- **TASK DETAILS**
Only one stretch of the data should be retyped: the lines from the line containing "رومیزی|پرده، رانر، رومیزی|کرج, کوی" through the line containing "Centro histórico Casa". Keep pictures out of it.

- **SOURCE MATERIAL**
|---|

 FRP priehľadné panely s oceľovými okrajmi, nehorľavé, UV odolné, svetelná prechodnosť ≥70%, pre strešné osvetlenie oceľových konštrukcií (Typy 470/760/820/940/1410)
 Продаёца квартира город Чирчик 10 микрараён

|---|

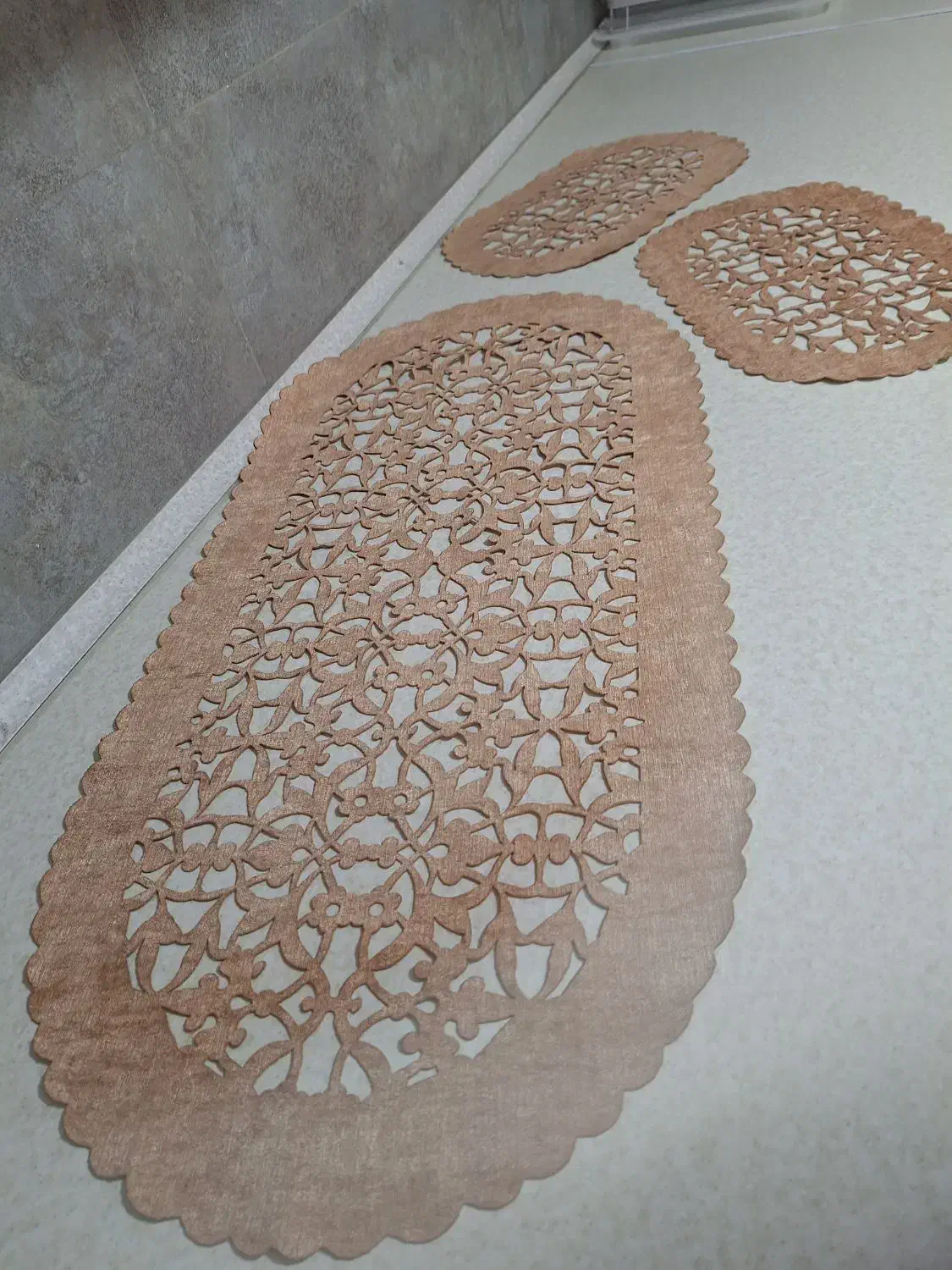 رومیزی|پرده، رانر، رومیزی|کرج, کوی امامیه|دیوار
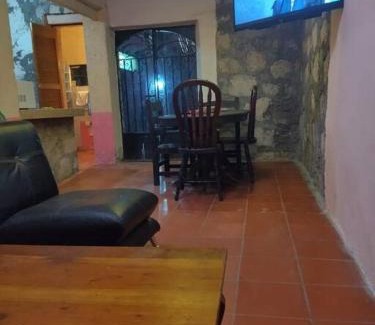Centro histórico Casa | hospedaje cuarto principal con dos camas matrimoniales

|---|

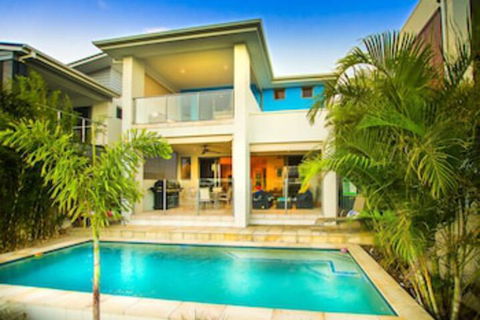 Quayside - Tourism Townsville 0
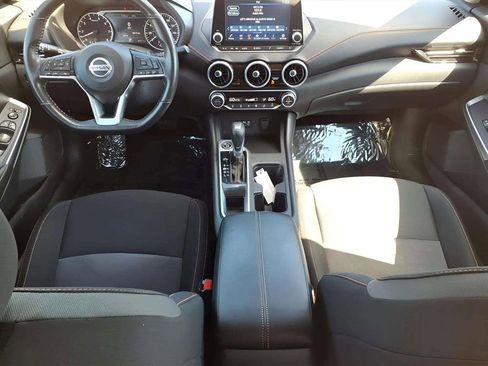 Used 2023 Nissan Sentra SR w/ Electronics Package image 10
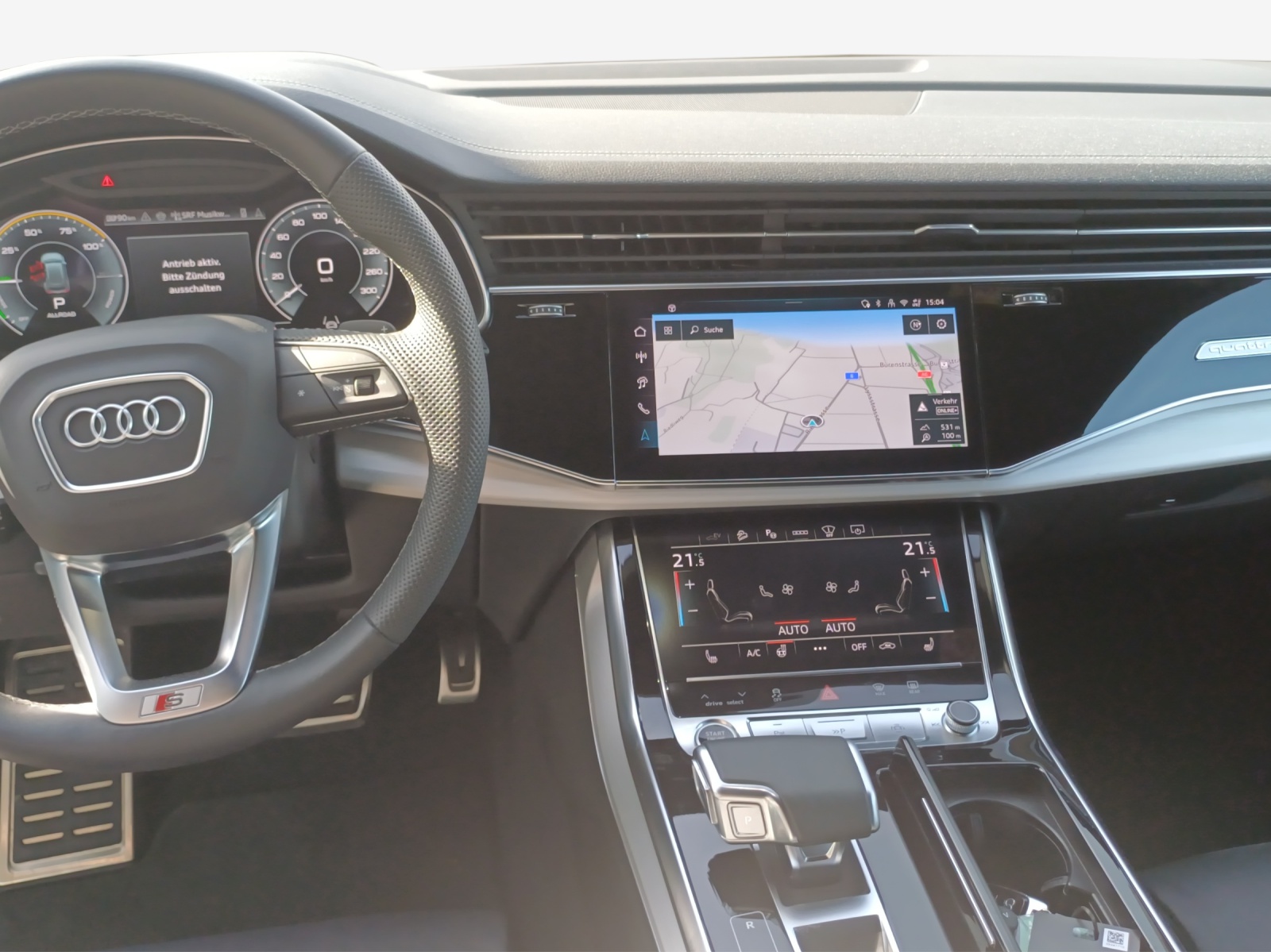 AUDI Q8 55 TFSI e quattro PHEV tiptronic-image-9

|---|

- **EXPECTED ANSWER**
 رومیزی|پرده، رانر، رومیزی|کرج, کوی امامیه|دیوار
Centro histórico Casa | hospedaje cuarto principal con dos camas matrimoniales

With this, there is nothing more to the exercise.